■ **What is expected**
The material below holds the lines to copy: from the one with "Cuerda de escalada Petzl 9.5mm - miniatura 2" up to and including the one with "-一哥澳门豆捞·澳门风打边炉(高德置地店)". Copy them exactly and skip the pictures.
[Opening Material to process section]
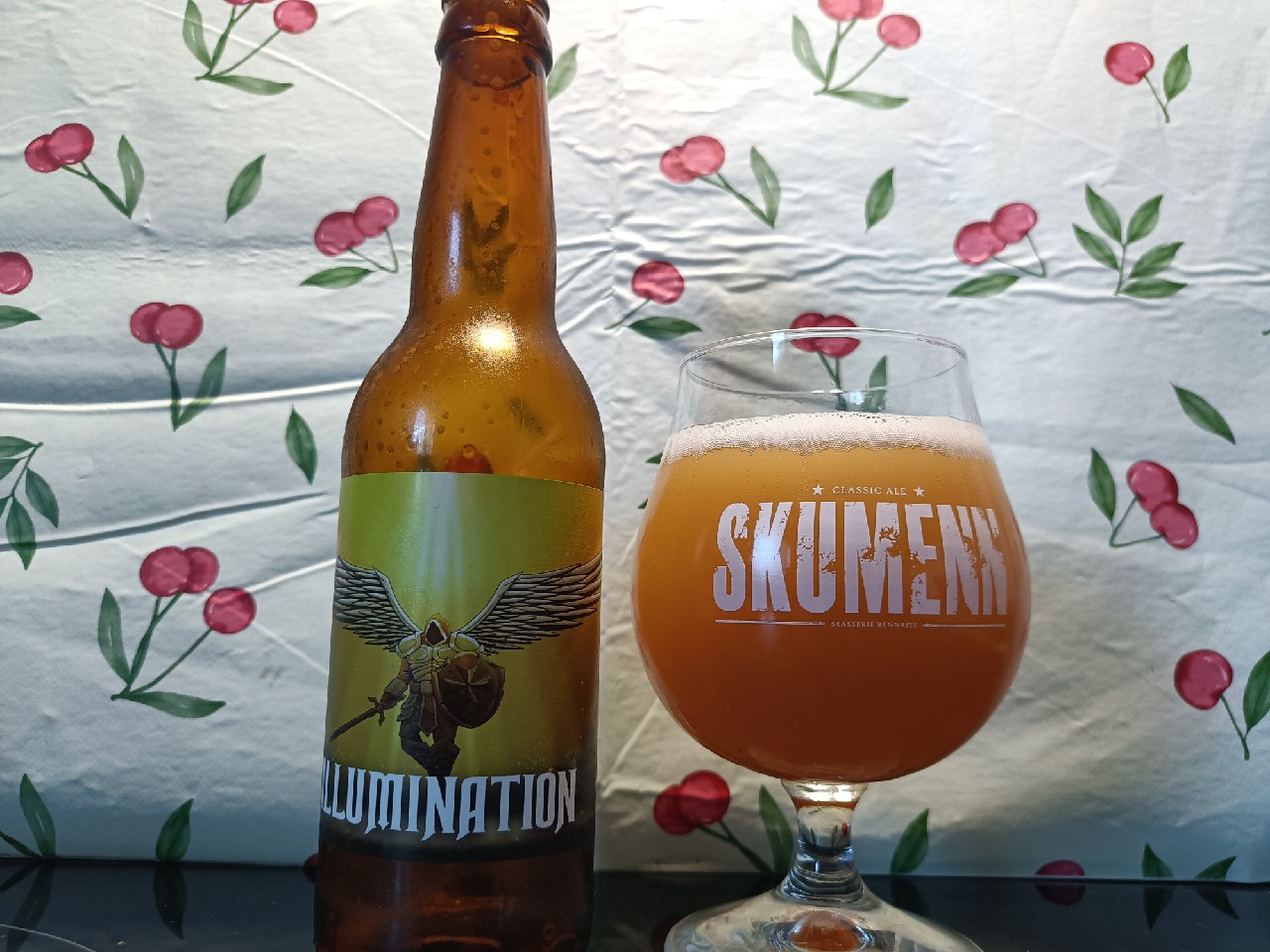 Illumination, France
[Closing Material to process section]
[Opening Material to process section]
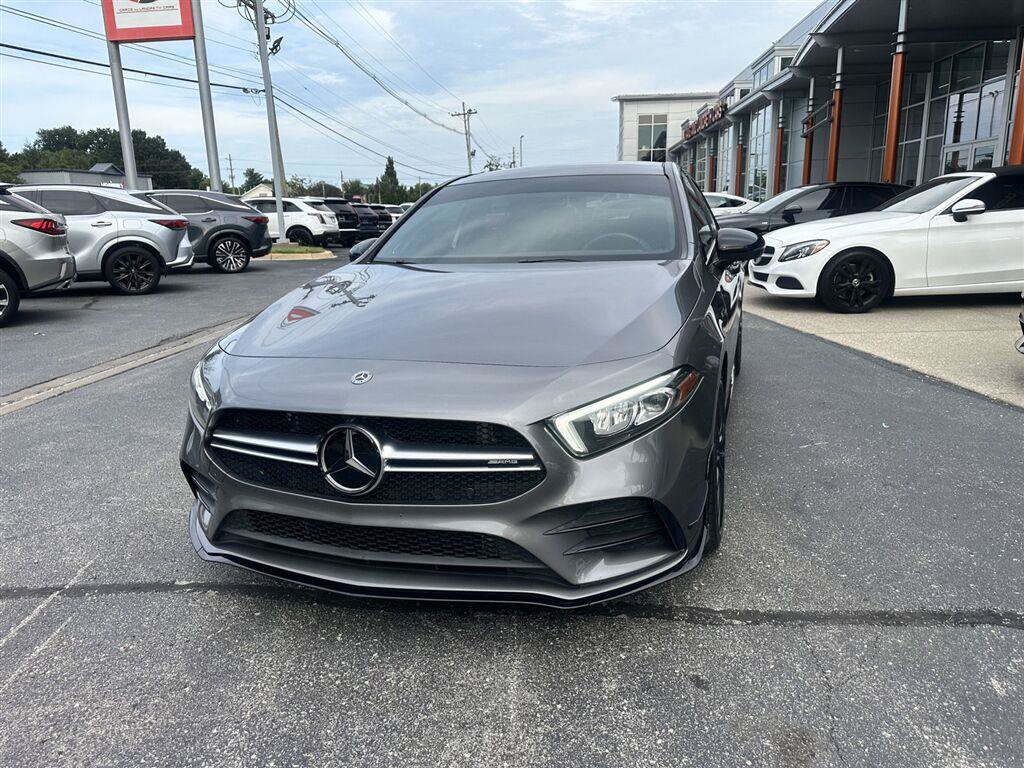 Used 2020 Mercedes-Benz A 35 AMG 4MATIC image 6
[Closing Material to process section]
[Opening Material to process section]
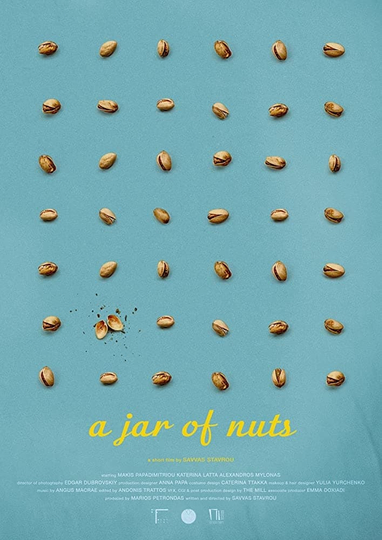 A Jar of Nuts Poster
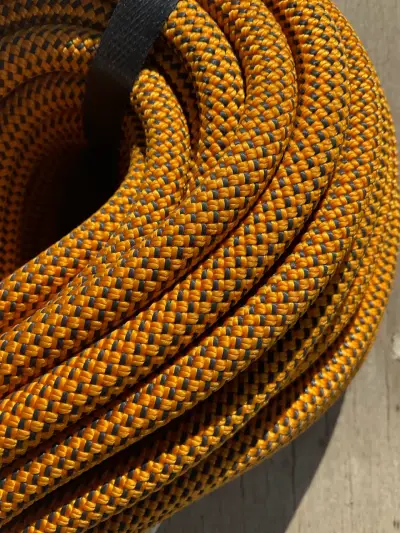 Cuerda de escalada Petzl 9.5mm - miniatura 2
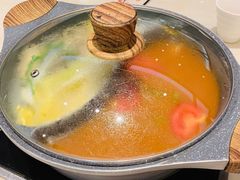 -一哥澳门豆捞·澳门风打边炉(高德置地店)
[Closing Material to process section]
■ **Written answer**
 Cuerda de escalada Petzl 9.5mm - miniatura 2
 -一哥澳门豆捞·澳门风打边炉(高德置地店)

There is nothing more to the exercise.